É por isso que os idealistas afirmam que:
2. O mundo não existe fora do nosso pensamento.
É o que Berkeley quer demonstrar-nos, afirmando que cometemos um erro, atribuindo às coisas propriedades e qualidades que lhes seriam próprias, quando estas existem apenas no nosso espírito.
Para os idealistas, os bancos e as mesas existem, na verdade, mas somente no nosso pensamento, e não em redor de nós, por que
3. São as nossas ideias que criam as coisas .
Por outras palavras, as coisas são o reflexo do nosso pensamento. Com efeito, uma vez que é o espírito que cria a ilusão da matéria, uma vez que é aquele que dá ao nosso pensamento a ideia desta, uma vez que as sensações que experimentamos perante as coisas não provêm destas em si, mas, unicamente, do nosso pensamento, a origem da realidade do mundo e das coisas é o nosso pensamento, e, por consequência, tudo o que nos rodeia não existe fora do nosso espírito, e não pode ser senão o reflexo do nosso pensamento. Mas, como, para Berkeley, o nosso espírito seria incapaz de criar, só por si, estas ideias, e, por outro lado, não faz o que quer (como aconteceria se ele próprio as criasse), é preciso admitir que é um outro espírito mais poderoso o criador.

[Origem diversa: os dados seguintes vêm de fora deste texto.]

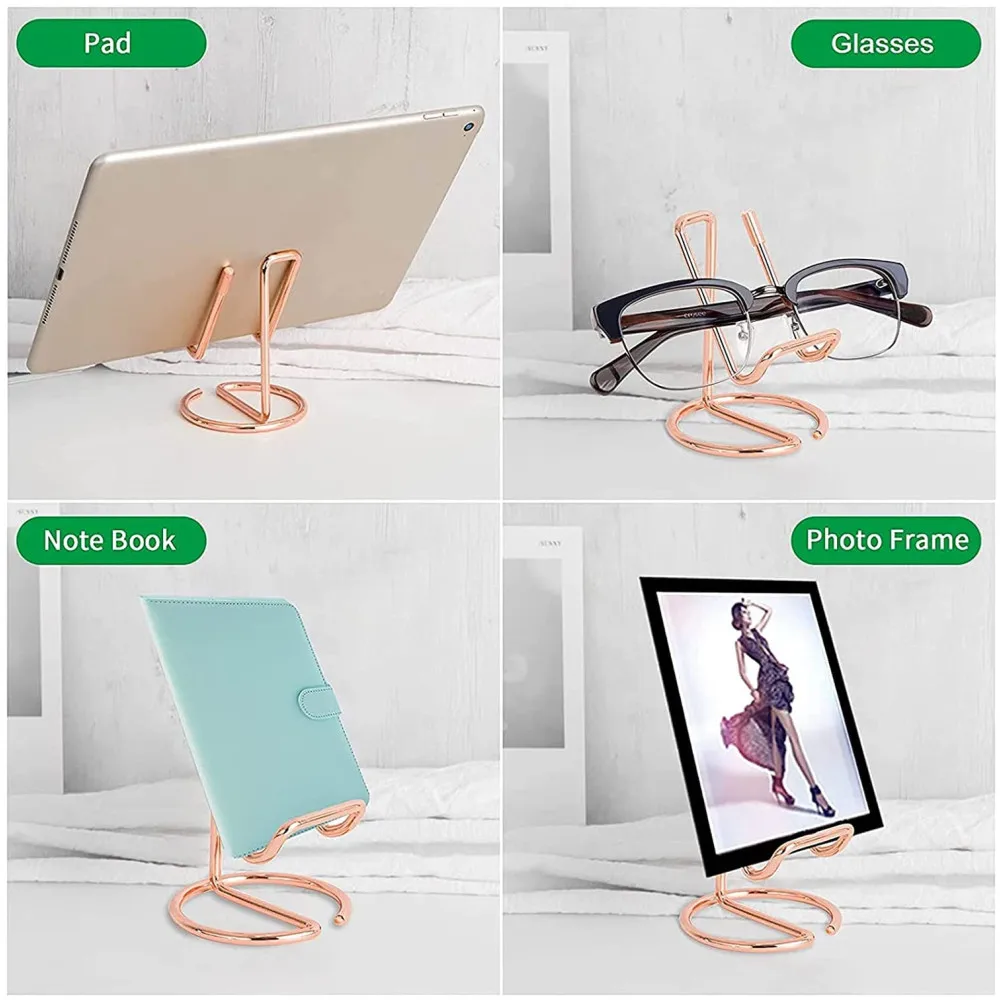 Holder Business Card Phone Pad Tablet Metal Practical Durable Sturdy Large Capacity Desk Office Card Collection Display Stand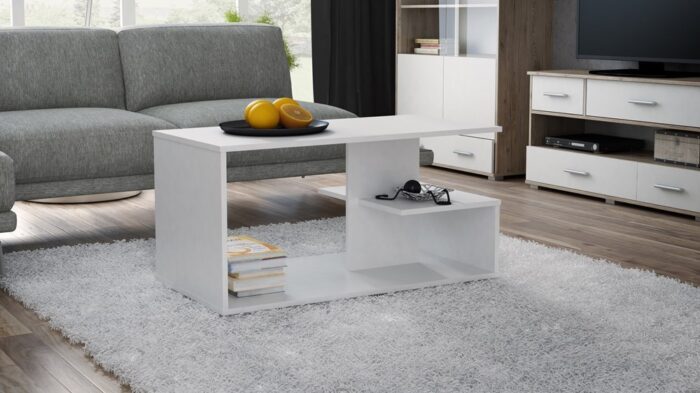 Haven White Coffee Table - Image 6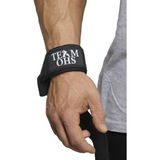 Optimum Health heavy-duty gym lifting straps for strength training and wrist support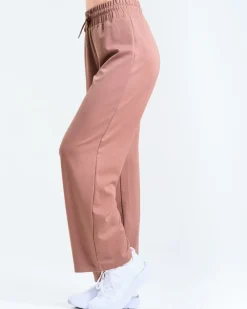 Soft Feel Pants Mole Brown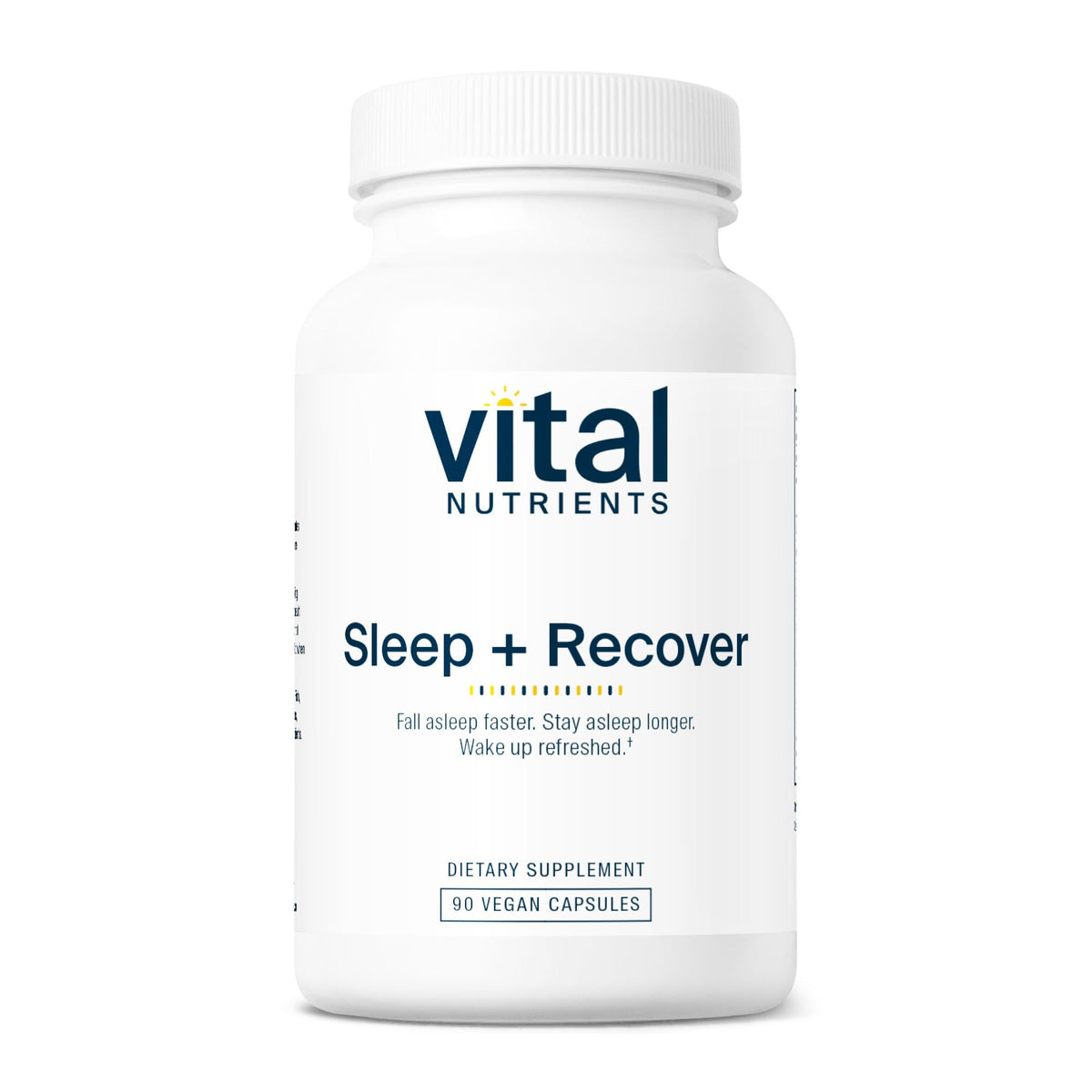 Vital Nutrients Sleep + Recover bottle on white background
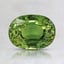 7.4x5.5mm Unheated Green Oval Sapphire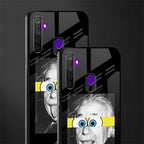 albert einstein spongebob squarepants glass case for realme narzo 10 image-2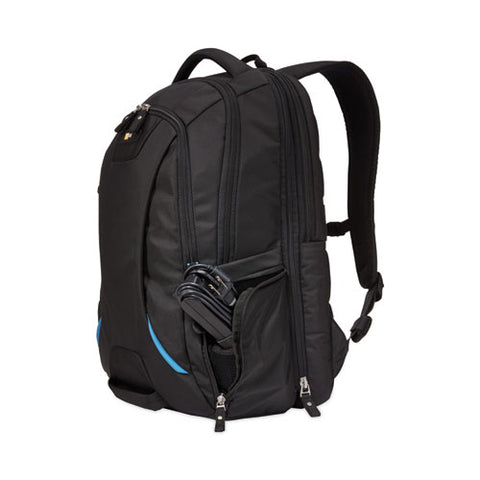 Checkpoint Friendly Backpack, Fits Devices Up To 15.6", Polyester, 2.76 X 13.39 X 19.69, Black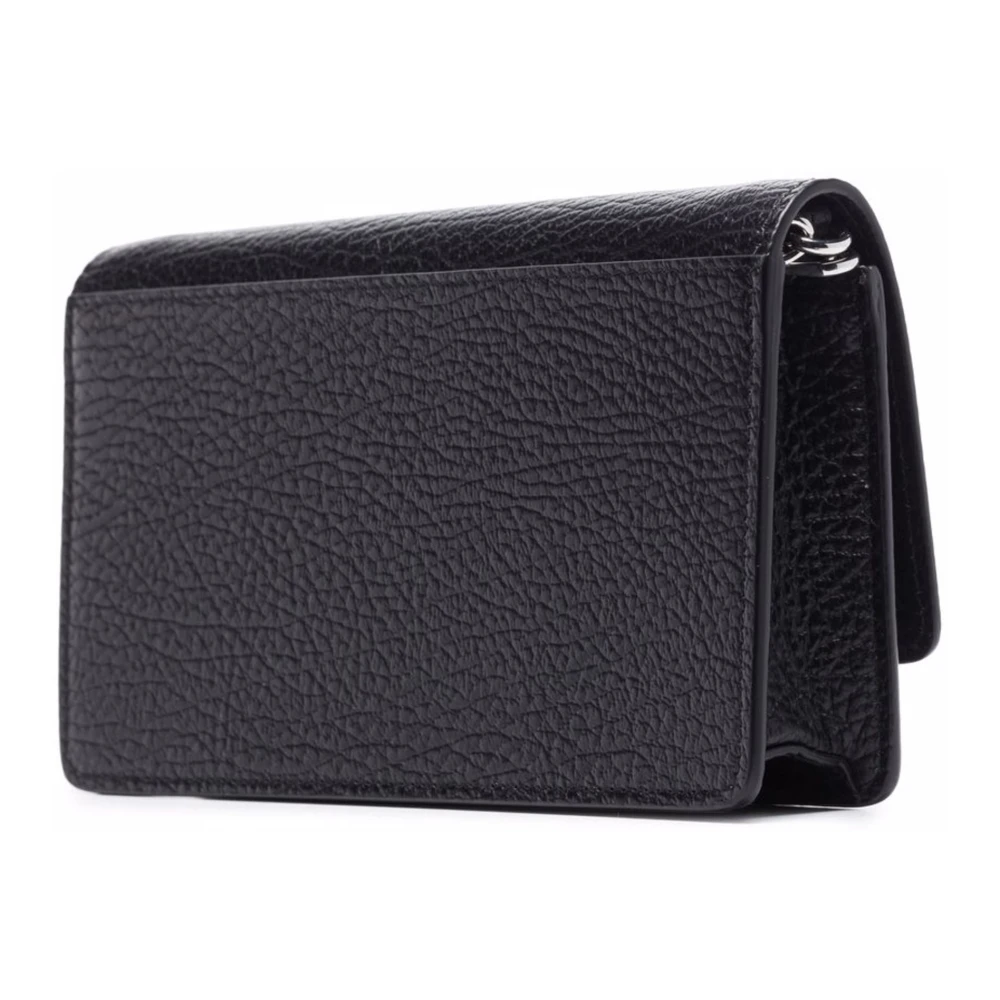 Maison Margiela Stijlvolle Kettingportemonnee Black Dames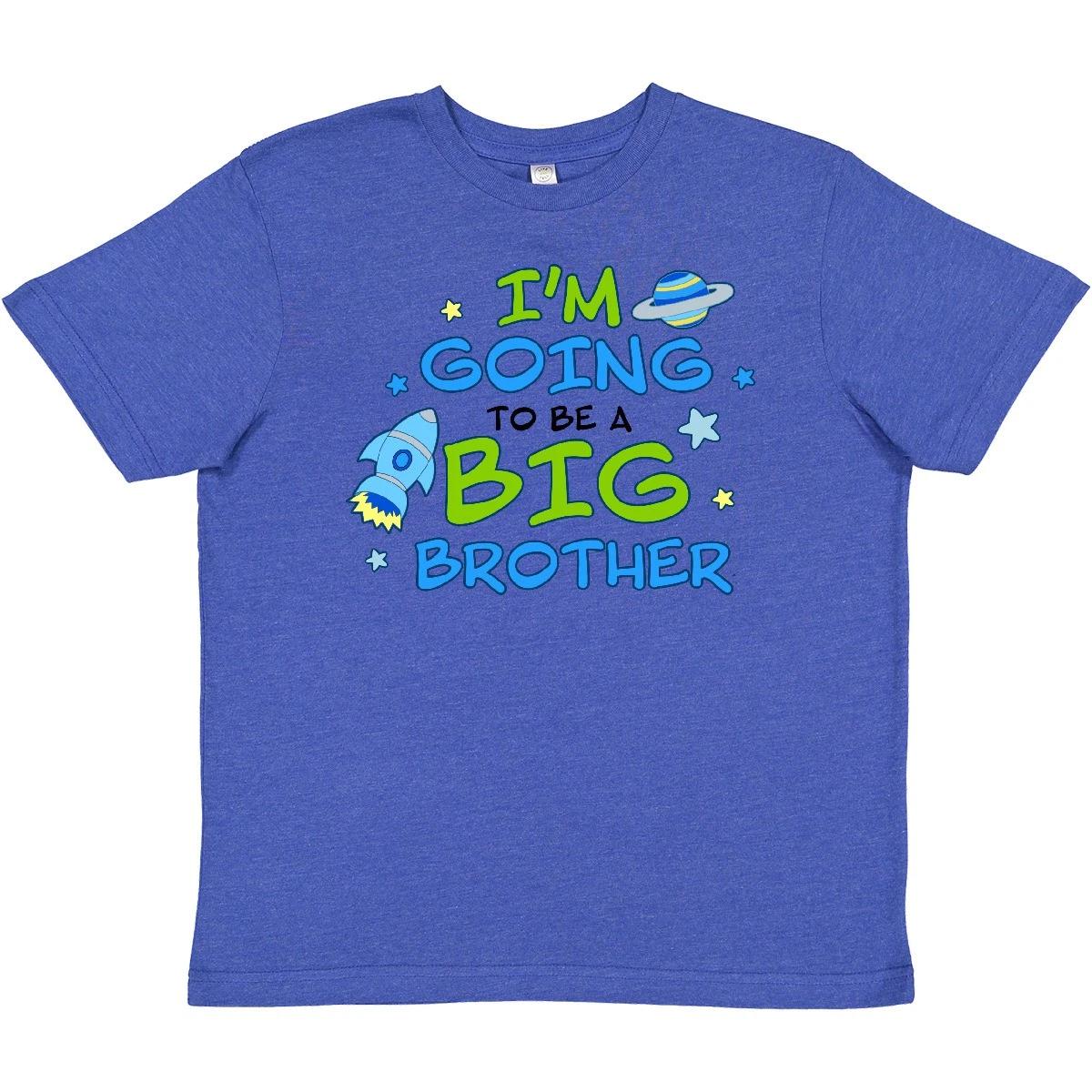 Inktastic Space Im Going To Be A Big Brother Youth kids boys T-Shirt Family Bro Planet Tee 130
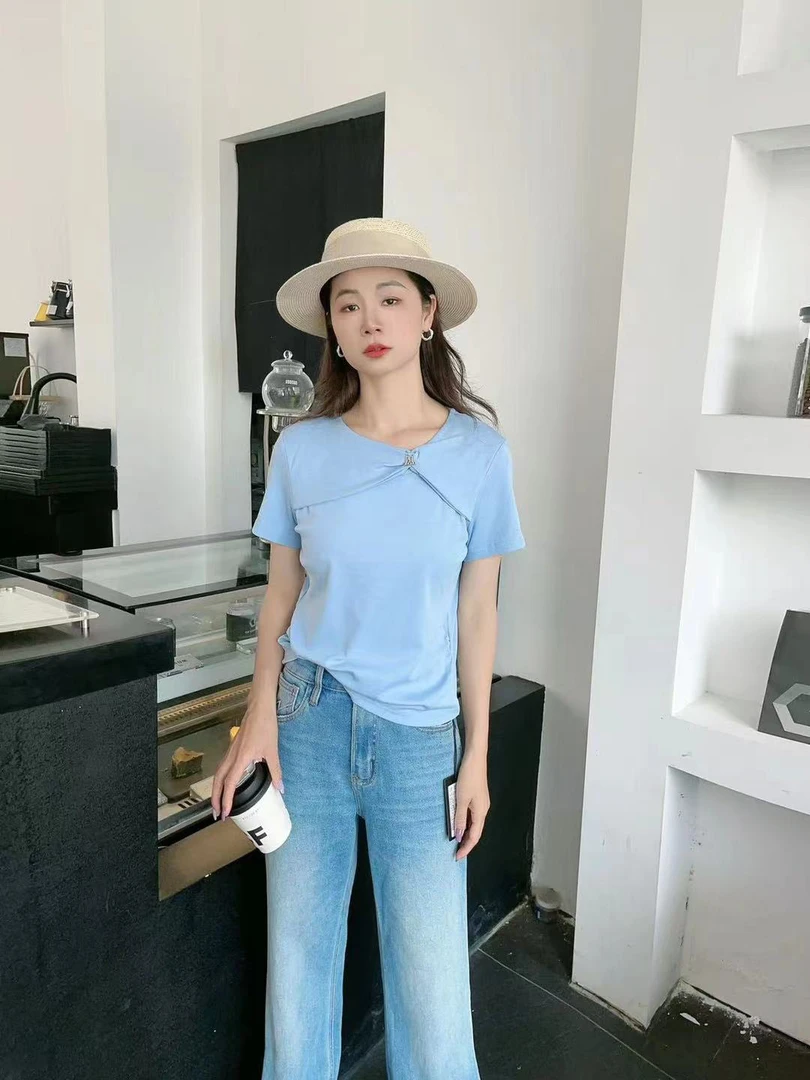 双鱼夏天新款短袖上衣9113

É, pois, Deus que cria o nosso espírito e nos impõe todas as ideias do mundo que aí encontramos.
Eis as principais teses sobre as quais repousam as doutrinas idealistas e as repostas que dão à pergunta fundamental da filosofia. É altura de ver agora qual a resposta da filosofia materialista à mesma pergunta e aos problemas suscitados por estas teses.

(8 LÉNINE: «Materialismo e empirocriticismo», p. 18 Ed. Avante 1982)
(9 LÉNINE: «Materialismo e empirocriticismo» Ed. Avante 1982)

BERKELEY: “Diálogos de Hylas e Philonoüs”
LÉNINE: “Materialismo e empirocriticismo”, pp. 17 a 29
10 A teologia é a «ciência» (!) que se ocupa de Deus e das coisas divinas.